Луи не понимал, что говорит Гарри, о чем смеется Энн, чему ухмыляется Джейкоб, он благодарно, едва заметно улыбнулся и сжал в ответ руку супруга, незаметно для всех, скрывая это у себя на коленях. Вскоре Андре шепотом попросил уйти, не дождавшись даже десерта, который у него обыкновенно вызывал детский восторг: повар превращал обычное мороженое и французскую выпечку в произведения искусства — Луи ушел вместе с ним под предлогом уложить сына, взглядом показав Гарри, что сегодня не спустится.
***
Настала глубокая ночь, а Луи так и не мог уснуть. Вернувшись в свои покои окончательно, он ворочался, размышлял, писал случайные строчки, зачеркивал их, весь день до этого проходив в ожидании, когда Гарри вернется из длительной поездки. Впервые переживая за его благополучие в дороге, не готовый принять себя такого волнующегося, заботливого. В четвертом часу Луи слышал стук копыт одной лошади без звука тяжелой повозки, быстрые хрустящие шаги и уставший голос, отдающий указание прислуге. Омеге казалось, что слышал он даже глубокое дыхание и шелест полов верхней одежды, снятой прямо на улице, щелчок закрытой двери и говор сонного конюха, фырканье вороного и лай охотничьего пса.

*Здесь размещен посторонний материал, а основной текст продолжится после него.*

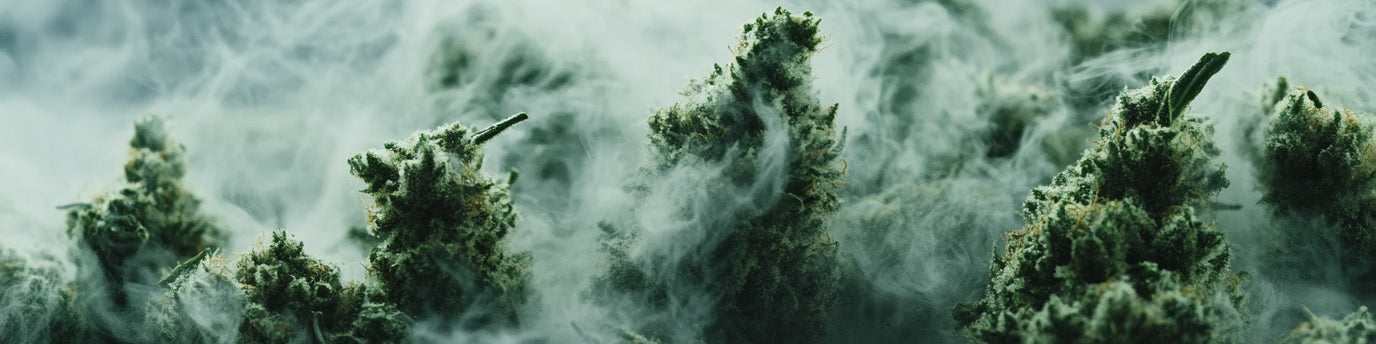 Sind CBD Blüten in Deutschland legal?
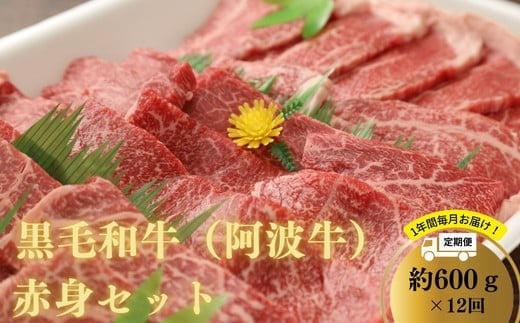 【定期便12回】 阿波牛 赤身焼肉セット 600g 冷凍 国産 黒毛和牛 阿波牛 和牛 牛肉 セット 赤身 マル イチボ クリ カメノコ トウガラシ バーベキュー BBQ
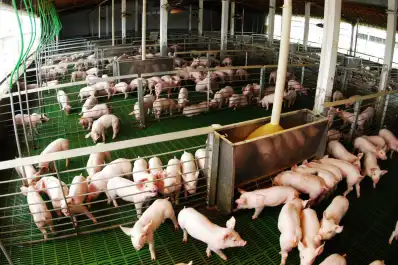 La producción de carne de cerdo creció 12,4% y alcanzó un récord de consumo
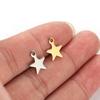 Semitree 20pcs Stainless Steel Small Star Pendant Flat Charms for DIY Jewelry Making Necklace Decoration Bracelet End Tail Charm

Сердце Луи билось в районе пупка, он ждал, когда створки тихо приоткроются, зайдет он, ляжет близко-близко, прижмет к себе и опалит ушко горячим “прелесть”. Омега сделал вид, что спит, закутавшись в воздушное одеяло, лег на живот. Внутри все пульсировало, жгло, однако было не до этого, потому как не более чем через минуту в комнату вошел Гарри, еще холодный, покрытый капельками тумана.
— Прелесть, — мужчина сел на кровать, провел пальцами по лицу Луи, убирая с глаз челку, припал губами ко лбу, задерживаясь на несколько секунд. — Милый, ты весь горишь, — Гарри чуть приоткрыл одеяло и притянул Омегу к себе, будто сонного сажая на колени.
— Ты вернулся, — Луи был податливым, слабо улыбаясь, терся кончиком носа о линию челюсти, чувствуя на щеках дорожки слез, поспешно стирая их.
— Как ты себя чувствуешь?
— Я… — он прижал ладонь к низу живота, чувствуя сильный спазм, зажмурился и всхлипнул, точно расслабляясь, ощутив, наконец, заботу.
— Я позову доктора.
— Нет-нет, останься, — Луи притянул руку Альфы к месту концентрации боли, — просто… останься.
— Иди ко мне, — Гарри скинул сапоги и лег, обнимая Омегу, целуя его лицо и шею. — Как прошло ваше время? Тебя что-то тревожит?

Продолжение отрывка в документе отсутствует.